Owners/operators and pitmasters from throughout Texas participated in the second Texas Barbecue Town Hall meeting, which was held on Monday, December 14, 2015 in the Kleberg Animal and Food Science Center and the Rosenthal Meat Center. About 40 people were in attendance, and participants received updates on livestock and meat prices by Dr. David Anderson, quality and safety of sauces by Dr. Al Wagner, beef carcass grading by Dr. Davey Griffin, and beef cut-out yields and values by Griffin and Dr. Jeff Savell. The meeting was sponsored by the E.M. “Manny” Rosenthal Chair in the Department of Animal Science at Texas A&M University, and Davey Griffin, Ray Riley, and Jeff Savell served as hosts.
Dr. Anderson presented information showing that the cattle herd is expanding and that prices were lower than at this point last year. Availability of beef, pork, and chicken should be adequate and competitively priced for the upcoming year.
Dr. Wagner discussed the Food and Drug Administration requirements for producing various acidic and acidified sauces. Several of the participants use Dr. Wagner’s lab to test their products, and he encourage others to send products to his lab to verify that their products were produced safely.
Smoked beef strip loins and top sirloin butts along with smoked blade sections of pork loins were served to the participants by Griffin and Riley. Corn salad and strawberry cake was prepared by Jackie Savell for the lunch. We enjoyed feeding the owner/operators and pitmasters as a small token of our appreciation for the work they do in making Texas Barbecue such a popular product these days.
After lunch, the participants went to the Rosenthal Meat Center for a demonstration of beef grading and beef yield and cutout values.
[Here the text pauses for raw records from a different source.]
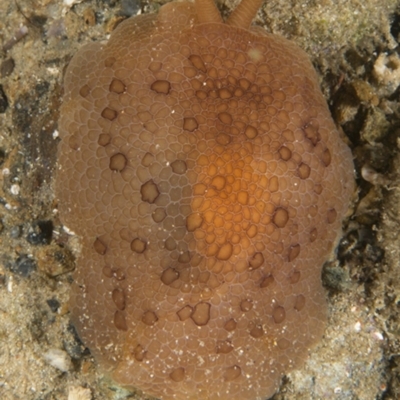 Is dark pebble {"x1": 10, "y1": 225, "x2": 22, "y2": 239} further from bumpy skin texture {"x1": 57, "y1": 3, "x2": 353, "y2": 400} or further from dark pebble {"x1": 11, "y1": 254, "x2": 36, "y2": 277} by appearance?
bumpy skin texture {"x1": 57, "y1": 3, "x2": 353, "y2": 400}

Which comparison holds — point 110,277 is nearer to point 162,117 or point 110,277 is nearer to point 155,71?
point 162,117

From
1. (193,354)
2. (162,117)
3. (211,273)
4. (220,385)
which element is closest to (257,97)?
(162,117)

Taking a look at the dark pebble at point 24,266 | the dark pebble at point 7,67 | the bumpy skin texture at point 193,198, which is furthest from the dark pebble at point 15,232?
the dark pebble at point 7,67

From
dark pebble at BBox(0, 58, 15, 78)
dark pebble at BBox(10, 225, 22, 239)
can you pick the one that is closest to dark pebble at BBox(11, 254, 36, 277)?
dark pebble at BBox(10, 225, 22, 239)

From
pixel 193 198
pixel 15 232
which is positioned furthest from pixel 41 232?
pixel 193 198

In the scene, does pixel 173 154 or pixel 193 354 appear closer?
pixel 173 154

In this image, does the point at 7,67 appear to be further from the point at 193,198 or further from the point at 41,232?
the point at 193,198

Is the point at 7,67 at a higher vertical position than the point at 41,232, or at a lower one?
higher

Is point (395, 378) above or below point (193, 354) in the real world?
below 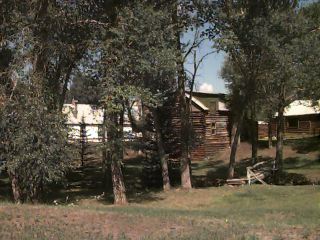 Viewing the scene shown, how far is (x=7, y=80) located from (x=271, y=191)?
39.6 ft

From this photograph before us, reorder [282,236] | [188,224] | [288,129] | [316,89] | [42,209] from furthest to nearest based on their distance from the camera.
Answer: [288,129] → [316,89] → [42,209] → [188,224] → [282,236]

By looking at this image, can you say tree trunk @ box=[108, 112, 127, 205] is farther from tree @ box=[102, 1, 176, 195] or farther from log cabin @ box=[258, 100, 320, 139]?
log cabin @ box=[258, 100, 320, 139]

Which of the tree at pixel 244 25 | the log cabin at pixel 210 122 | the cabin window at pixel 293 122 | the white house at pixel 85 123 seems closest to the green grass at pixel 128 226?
the white house at pixel 85 123

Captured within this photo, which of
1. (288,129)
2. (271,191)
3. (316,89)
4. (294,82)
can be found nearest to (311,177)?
(316,89)

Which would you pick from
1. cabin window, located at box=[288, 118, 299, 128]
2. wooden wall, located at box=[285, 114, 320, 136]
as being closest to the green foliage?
wooden wall, located at box=[285, 114, 320, 136]

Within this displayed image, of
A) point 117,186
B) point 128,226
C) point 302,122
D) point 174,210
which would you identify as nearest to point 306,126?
point 302,122

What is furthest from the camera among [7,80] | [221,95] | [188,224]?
[221,95]

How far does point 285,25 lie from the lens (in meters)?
→ 24.0

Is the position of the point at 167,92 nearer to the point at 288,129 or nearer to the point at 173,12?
the point at 173,12

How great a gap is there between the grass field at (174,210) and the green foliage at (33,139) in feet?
4.68

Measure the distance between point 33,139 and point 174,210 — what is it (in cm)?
562

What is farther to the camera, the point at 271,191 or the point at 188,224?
the point at 271,191

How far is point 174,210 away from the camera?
50.8 ft

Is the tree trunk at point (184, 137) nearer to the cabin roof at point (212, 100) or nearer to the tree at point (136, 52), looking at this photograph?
the tree at point (136, 52) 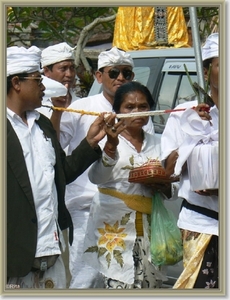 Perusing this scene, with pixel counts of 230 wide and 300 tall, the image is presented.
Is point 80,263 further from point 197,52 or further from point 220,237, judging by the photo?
point 197,52

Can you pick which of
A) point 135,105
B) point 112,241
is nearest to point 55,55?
point 135,105

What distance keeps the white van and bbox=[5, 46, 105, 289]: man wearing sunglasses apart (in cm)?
178

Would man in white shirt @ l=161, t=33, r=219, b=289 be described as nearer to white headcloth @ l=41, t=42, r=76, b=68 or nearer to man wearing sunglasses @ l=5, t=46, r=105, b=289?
man wearing sunglasses @ l=5, t=46, r=105, b=289

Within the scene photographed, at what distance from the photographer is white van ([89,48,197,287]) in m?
6.83

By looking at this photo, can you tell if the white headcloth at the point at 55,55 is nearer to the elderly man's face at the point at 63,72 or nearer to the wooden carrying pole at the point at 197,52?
the elderly man's face at the point at 63,72

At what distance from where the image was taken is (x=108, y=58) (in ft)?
21.6

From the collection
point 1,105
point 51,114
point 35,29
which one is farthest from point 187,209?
point 35,29

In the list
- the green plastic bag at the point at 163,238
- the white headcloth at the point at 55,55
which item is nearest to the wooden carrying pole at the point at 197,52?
the green plastic bag at the point at 163,238

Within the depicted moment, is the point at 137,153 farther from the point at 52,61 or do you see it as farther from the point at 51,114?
the point at 52,61

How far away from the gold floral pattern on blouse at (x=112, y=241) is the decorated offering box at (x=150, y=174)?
279mm

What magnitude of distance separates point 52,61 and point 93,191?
1193 millimetres

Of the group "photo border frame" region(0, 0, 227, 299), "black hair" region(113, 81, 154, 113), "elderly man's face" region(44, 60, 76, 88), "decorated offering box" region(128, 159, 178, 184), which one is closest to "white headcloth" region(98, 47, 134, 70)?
"elderly man's face" region(44, 60, 76, 88)

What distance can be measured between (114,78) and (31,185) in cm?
182

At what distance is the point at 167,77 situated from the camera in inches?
282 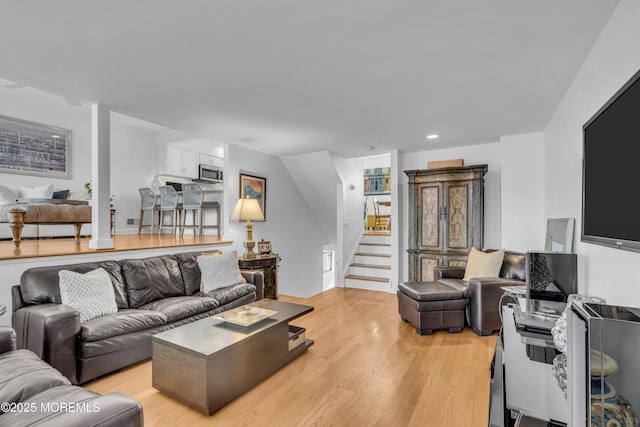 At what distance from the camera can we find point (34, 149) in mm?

One key observation mentioned by several of the participants was that the grade of brisket was determined by the amount of marbling in the ribeye muscle and not by some evaluation of the brisket itself. Participants were intrigued by the number of cuts that come from a beef carcass, and the range in values for these cuts.
Feedback from the participants was great, and we will likely keep having the yearly meeting as a way for those in the Texas Barbecue business to keep up with prices, supplies, and current trends in the meat sector.